A primeira fase de implementação do CBAM se aplica às importações dos produtos em que se considera que há maior risco de fuga de carbono: cimento, eletricidade, fertilizantes, ferro, aço e alumínio. Espera-se que, no futuro, o CBAM seja estendido para outros setores.

O CBAM é operacionalizado pela aquisição, pelos importadores europeus, de certificados com base nas emissões de carbono efetivas por parte dos produtores estrangeiros, embutidas no produto importado. Um certificado CBAM corresponde a uma tonelada de emissões. O preço do certificado deve refletir o preço de mercado do carbono, e é publicado semanalmente no website da Comissão Europeia.

Os certificados CBAM representam um custo extra do produto importado. Mas note-se que o CBAM não estabelece um limite em termos de volume de importações, nem restringe o comércio.
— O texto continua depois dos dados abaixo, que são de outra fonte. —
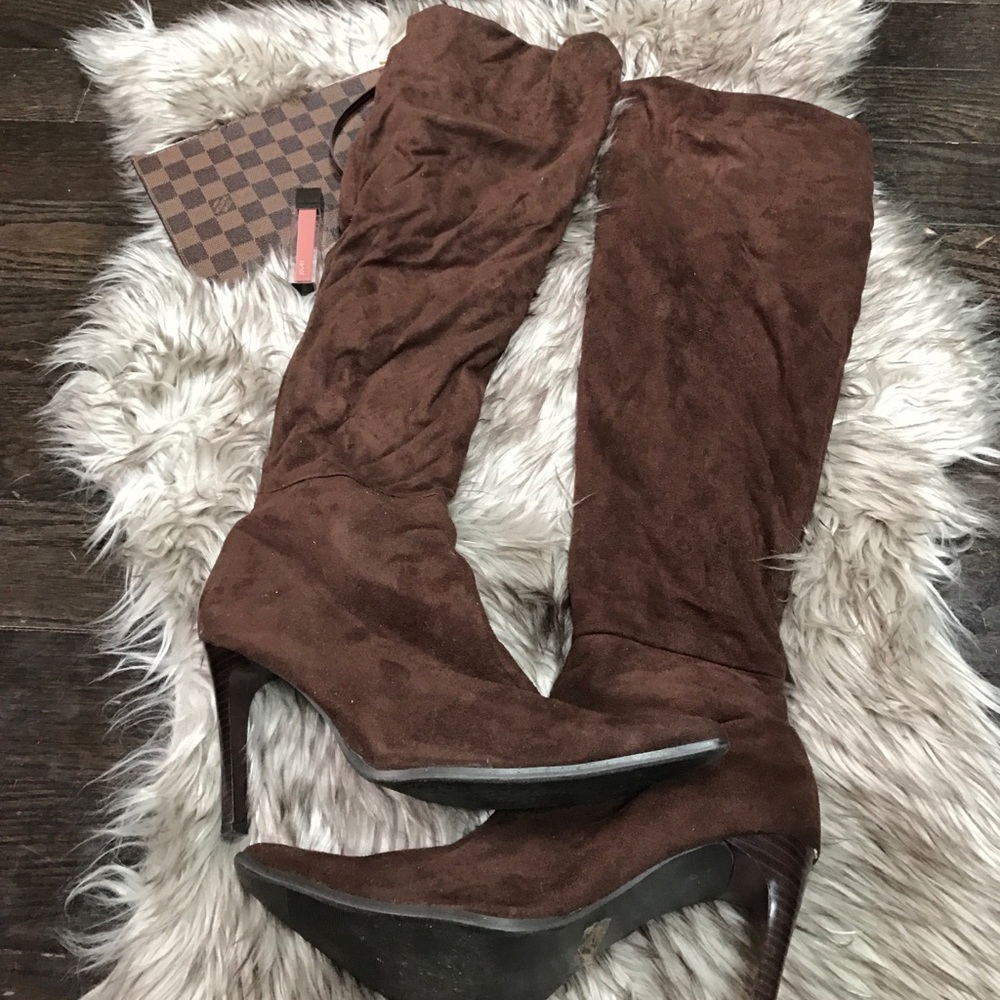Knee High Boots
A Proposta para o CBAM tem o mérito de colocar em discussão o papel do comércio internacional para a eficácia do cumprimento das metas assumidas no âmbito do Acordo de Paris. A lógica aplicada ao CBAM é a de que o europeu é livre para trazer produtos intensivos de carbono de qualquer origem, desde que pague o sobrevalor cumprindo o papel de regulador do mercado.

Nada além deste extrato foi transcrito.